Il meccanismo per scegliere gli eletti
(c’è chi può vince nel collegio, ma non vincere il seggio)
Secondo un meccanismo contorto, inserito nel maxi-emendamento del relatore Emanuele Fiano, il criterio di selezione degli eletti in Parlamento sarà una graduatoria interna al partito. Significa che dopo che il risultato elettorale avrà dato il numero di seggi al quale un partito ha diritto, la scelta di chi deve sedere su quei seggi sarà la seguente.
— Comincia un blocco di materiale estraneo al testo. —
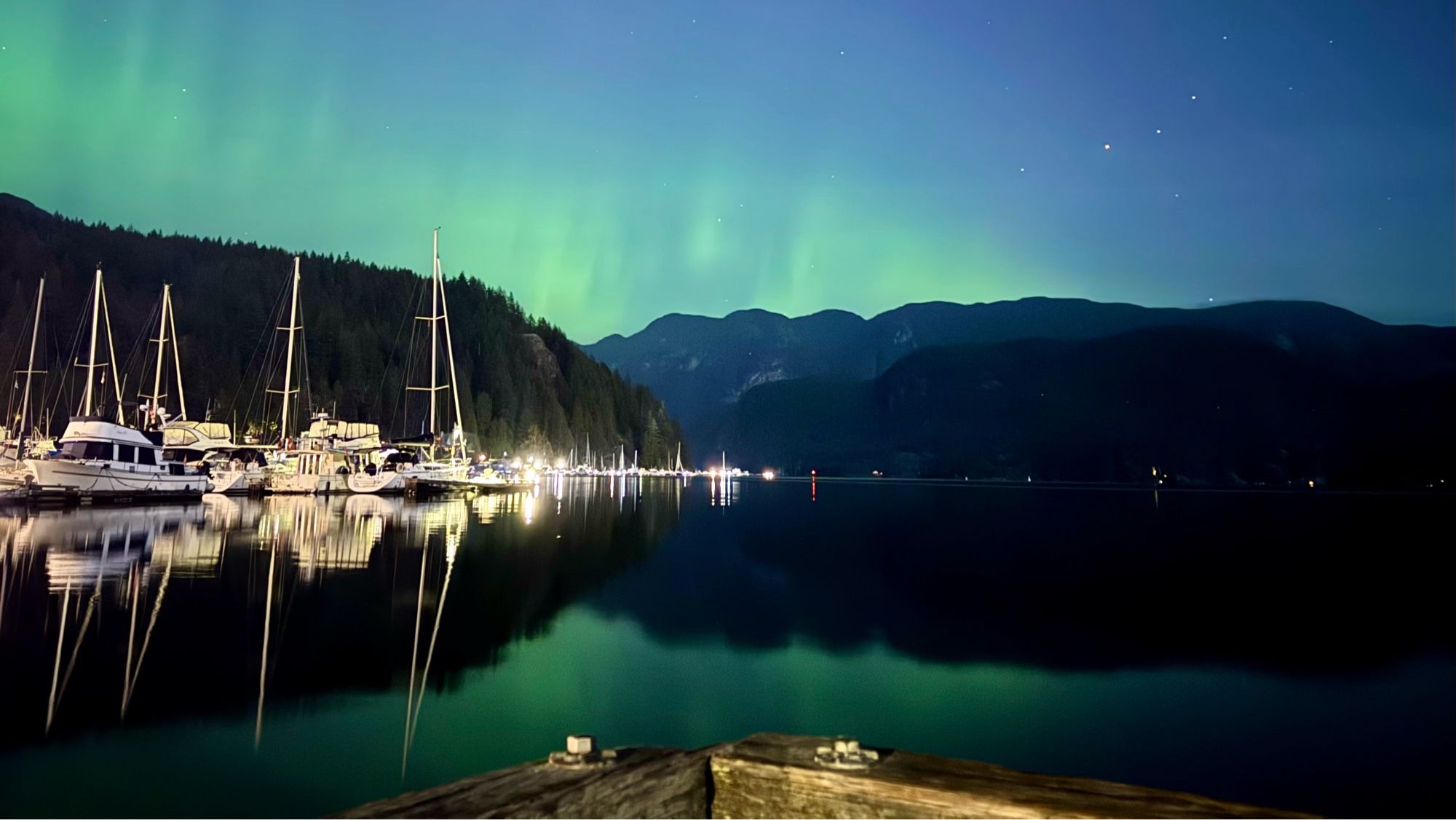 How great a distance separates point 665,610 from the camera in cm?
1881

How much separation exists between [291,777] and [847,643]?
1001 centimetres

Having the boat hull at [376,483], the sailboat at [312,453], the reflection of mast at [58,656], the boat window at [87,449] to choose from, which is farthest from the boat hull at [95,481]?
Result: the reflection of mast at [58,656]

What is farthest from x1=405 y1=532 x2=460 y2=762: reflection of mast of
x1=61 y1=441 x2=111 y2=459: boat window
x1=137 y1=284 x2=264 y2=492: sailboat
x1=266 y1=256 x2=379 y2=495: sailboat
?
x1=137 y1=284 x2=264 y2=492: sailboat

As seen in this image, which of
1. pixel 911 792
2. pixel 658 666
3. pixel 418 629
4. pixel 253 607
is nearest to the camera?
pixel 911 792

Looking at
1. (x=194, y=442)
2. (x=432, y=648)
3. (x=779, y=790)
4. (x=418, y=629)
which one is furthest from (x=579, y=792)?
(x=194, y=442)

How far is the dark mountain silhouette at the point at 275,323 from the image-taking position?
12812 cm

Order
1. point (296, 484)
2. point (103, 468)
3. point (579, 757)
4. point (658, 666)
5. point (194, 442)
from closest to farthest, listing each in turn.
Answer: point (579, 757) → point (658, 666) → point (103, 468) → point (296, 484) → point (194, 442)

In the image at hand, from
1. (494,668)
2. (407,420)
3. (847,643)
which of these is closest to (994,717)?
(847,643)

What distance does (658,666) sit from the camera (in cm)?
1350

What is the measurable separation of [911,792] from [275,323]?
159330 mm

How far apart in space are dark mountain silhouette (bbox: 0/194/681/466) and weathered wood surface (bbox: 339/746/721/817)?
12583cm

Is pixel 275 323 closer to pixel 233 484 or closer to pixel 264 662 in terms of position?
pixel 233 484

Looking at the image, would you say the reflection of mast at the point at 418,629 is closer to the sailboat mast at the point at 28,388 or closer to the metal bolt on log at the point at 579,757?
the metal bolt on log at the point at 579,757

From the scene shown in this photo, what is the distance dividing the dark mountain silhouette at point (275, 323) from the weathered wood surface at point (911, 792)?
126224 millimetres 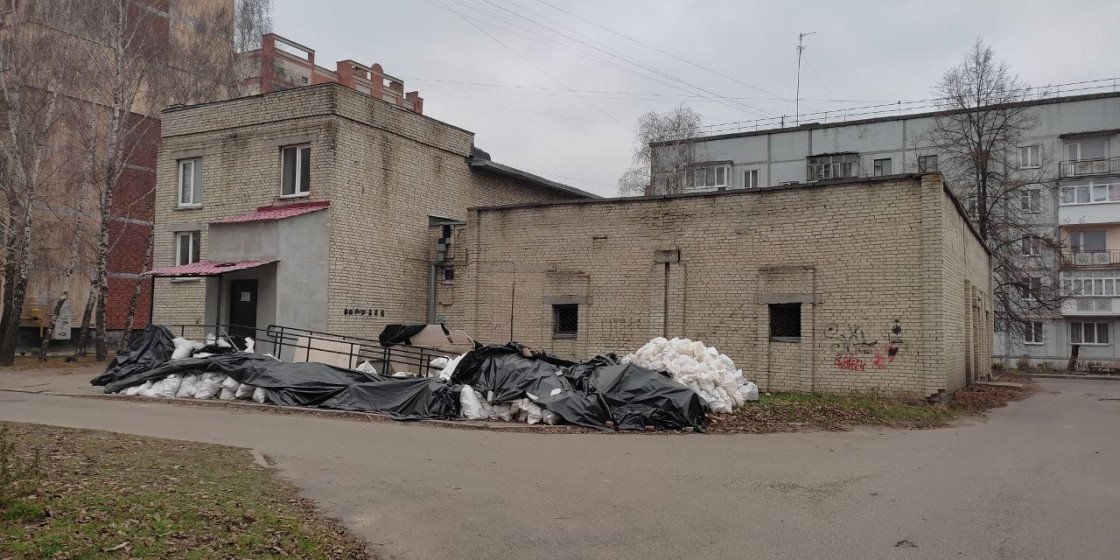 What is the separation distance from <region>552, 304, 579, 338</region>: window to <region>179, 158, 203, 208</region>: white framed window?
11.4 m

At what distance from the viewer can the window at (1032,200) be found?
43406mm

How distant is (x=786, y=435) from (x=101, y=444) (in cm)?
981

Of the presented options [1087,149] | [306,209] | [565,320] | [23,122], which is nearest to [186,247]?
[306,209]

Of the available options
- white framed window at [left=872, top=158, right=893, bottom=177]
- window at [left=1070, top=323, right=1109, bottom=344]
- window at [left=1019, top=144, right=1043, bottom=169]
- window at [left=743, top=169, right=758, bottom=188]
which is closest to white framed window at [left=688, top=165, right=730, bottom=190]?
window at [left=743, top=169, right=758, bottom=188]

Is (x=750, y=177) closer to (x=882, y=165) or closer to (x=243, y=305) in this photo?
(x=882, y=165)

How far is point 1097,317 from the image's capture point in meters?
44.5

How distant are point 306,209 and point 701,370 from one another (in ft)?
37.9

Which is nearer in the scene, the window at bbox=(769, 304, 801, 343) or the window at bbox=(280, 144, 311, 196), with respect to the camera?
the window at bbox=(769, 304, 801, 343)

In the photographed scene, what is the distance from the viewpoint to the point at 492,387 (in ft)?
48.4

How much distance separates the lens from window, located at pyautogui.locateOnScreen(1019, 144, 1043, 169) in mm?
45938

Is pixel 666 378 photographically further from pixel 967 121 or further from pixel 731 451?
pixel 967 121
Le prime scelte saranno i capilista dei listini bloccati. Stando a un calcolo di Repubblica, i capilista sono 156. Poi si scelgono i vincitori dei 303 collegi. Infine i 147 candidati da scegliere tra i secondi, i terzi, i quarti e così via del listino bloccato. Un meccanismo che agevola i dirigenti più importanti e in vista di un partito: ci sarà la corsa a occupare la posizione del capolista del listino.
C’è un’unica eccezione: se chi vince nel collegio, lo fa con oltre il 50 per cento dei voti, allora ha la precedenza sui candidati del listino. Ma l’eccezione sarà così rara da non essere quasi presa in considerazione.
Uno schema così fa imbizzarrire i parlamentari eletti nelle Regioni rosse, che chissà se esistono ancora. Nelle Regioni dove il Pd è molto forte – è l’obiezione di molti deputati di Emilia Romagna, Toscana, Umbria e Marche – è che i candidati democratici di tutti i collegi di quelle Regioni potrebbero arrivare primi, ma una parte di essi non verrebbe eletto perché la distribuzione dei seggi complessiva sarebbe proporzionale. Un’obiezione sollevata tra gli altri dagli orlandiani Andrea Martella, Enzo Lattica, Andrea Giorgis o Valter Verini.